It's that time of year where anyone and everyone who writes puts together a year-end list reflecting their personal tastes and views. I'm forgoing the 2015 album edition because a record that I first heard in December 2014 and was eventually released in February of 2015 appears to be missing from several year-end lists. It's been overlooked and underestimated; Butch Walker's Afraid of Ghosts. The ten songs housed on his seventh record are nothing short of a magnificent miracle. The landscapes these characters inhabit may be bleak, but their spirit is strong. The characters embedded on your earphones bleed and blister like you and me. They have a palpable essence that navigates your senses like no other record released in 2015.
Kendrick Lamar's To Pimp a Butterfly rightfully has been chosen by virtually every esteemed magazine for album of the year. It's a piercing and abounding epic LP meant to be listened top-to-bottom encapsulating a journey. While Afraid of Ghosts appears to be on the opposite spectrum, these two albums share a widescreen concentration where the scope of their film-like albums take precedence over hit singles. Its vision is bold, especially for a man knowing to be one of the most in-demand producers today. This isn't a record any manager or label would consciously tell an artist to make. In fact, they would most likely do everything in their power to bury it.
We live, we breathe and become active participants in the game of life and then in a flash, we drift away. Death is the great equalizer, because it doesn't discriminate. When it comes to the death of a parent, I am told there is a bottomless pit that never gets filled once it becomes empty. Butch Walker recently experienced this with the death of his father in August 2013. The night the advance copy of his latest record, Afraid of Ghosts, made its way to me, I was at a wake for a dear friend's father who passed suddenly the week before. Upon hearing on my return home, I was knocked to the ground emotionally and I'm still recovering from that initial listen. A year after first hearing Afraid of Ghosts this record makes my heart pound louder than any of the other hundreds of albums I listened to in 2015. It does more than capture your imagination but fuels you with the muscle to deal with your life head-on. Some music is meant for dreaming and other times it's intended for inner consciousness. We've all been misplaced at some point, just like the individuals on Afraid of Ghosts, they've been scuffed and scarred and yet they still rise from bed everyday ready for whatever is thrown at them.
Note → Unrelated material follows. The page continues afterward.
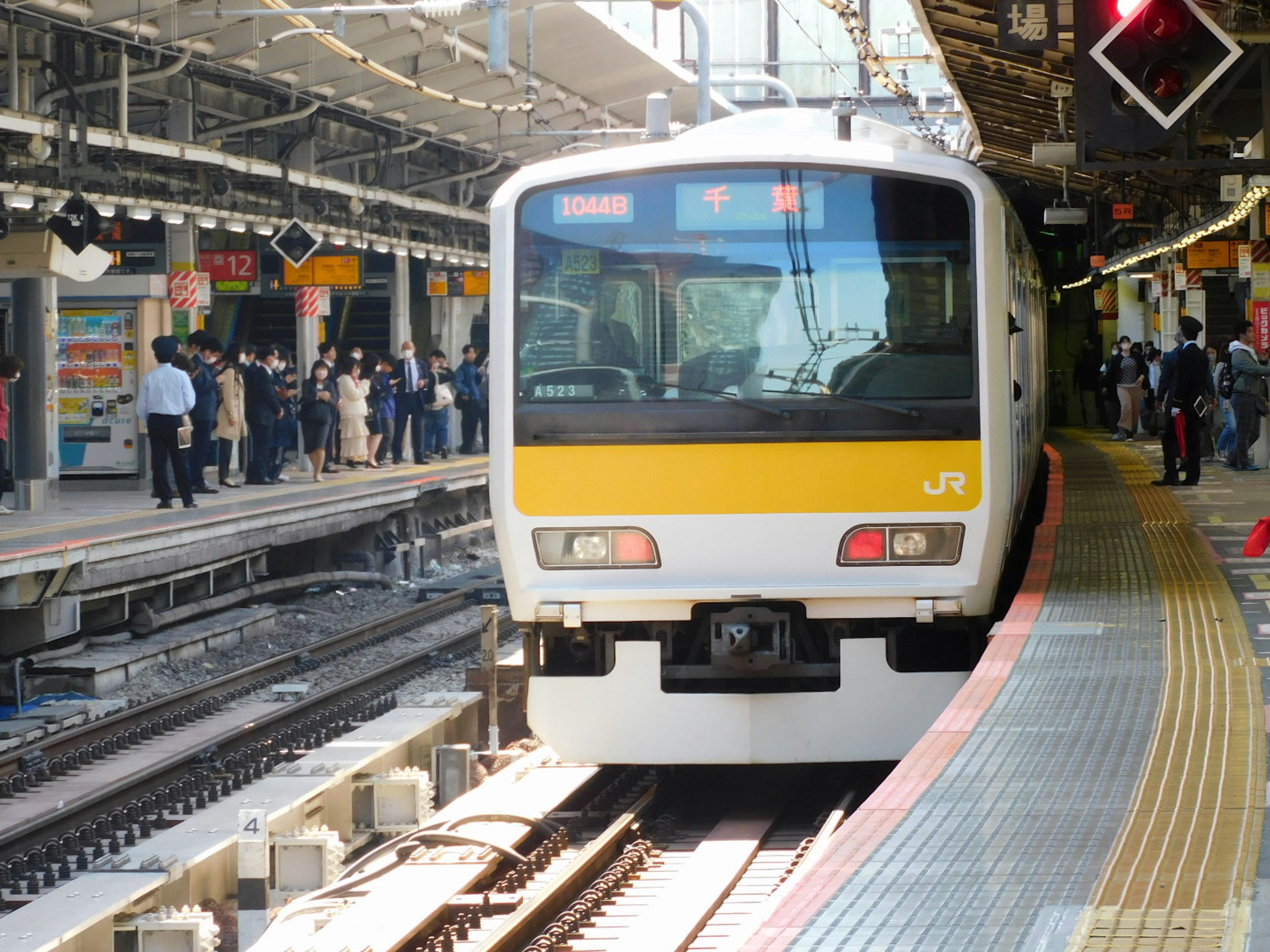 Kereta di stasiun dengan penumpang menunggu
Walker began working on a record in 2012 in between his many production jobs but with his father's illness taking a turn for the worse, his album became an EP, Peachtree Battle released in late 2013. The five songs from the understated EP ripple with anticipation of his father's passing and they're concurrently painful and lively. It's heartbreaking because of the loss he was expecting yet exuberant because of the cognizance of what a gift time truly is. After his father passed in August of 2013, Walker spent a year writing Ghosts. When he finished, he had his friend Ryan Adams sit in the producer chair, a first for Walker in more than twenty years. Over the course of four days at Pax Am studios, Afraid of Ghosts came to life.
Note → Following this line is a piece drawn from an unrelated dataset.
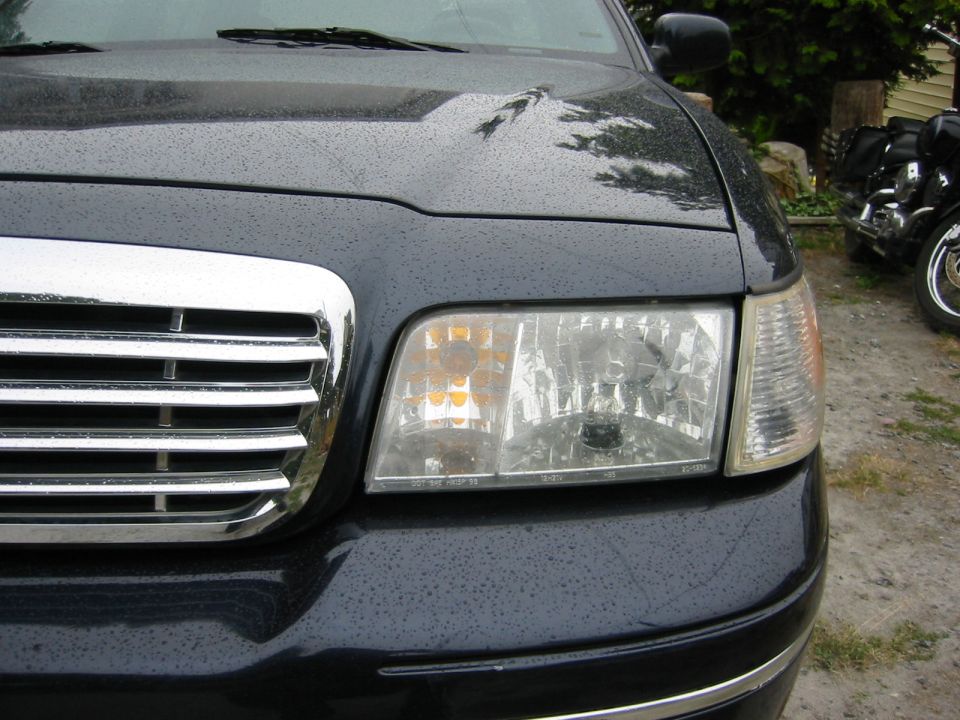 Dark blue sedan's chrome grille and headlight assembly, 1998 model year suggested by grille design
The record is aspiring with Walker leaving many of his paramount weapons not just in the holster but fully locked up here. He deafening electric guitar is mostly silenced; hooks, arm-waving choruses, hand-claps and big boisterous production are non-existent, as they should be. These songs crave for more sophisticated arrangements that suit their nature. Ryan Adams steered this ship into port and brought out the very best Walker has to offer as a sure-handed songwriter. Characters are often two-dimensional in pop music but on Ghosts, Walker doesn't just lead his narrators to the crossroads of their lives; he urges them to be participants rather than observers. Ghosts is the culmination of more than a decade of work which saw Walker continually expand his musical knowledge, test his talents and drive them into unforeseen waters. Not every record played to his core audience, nor was every one welcomed with open arms but each one showcased an artist revealing abundant evolution.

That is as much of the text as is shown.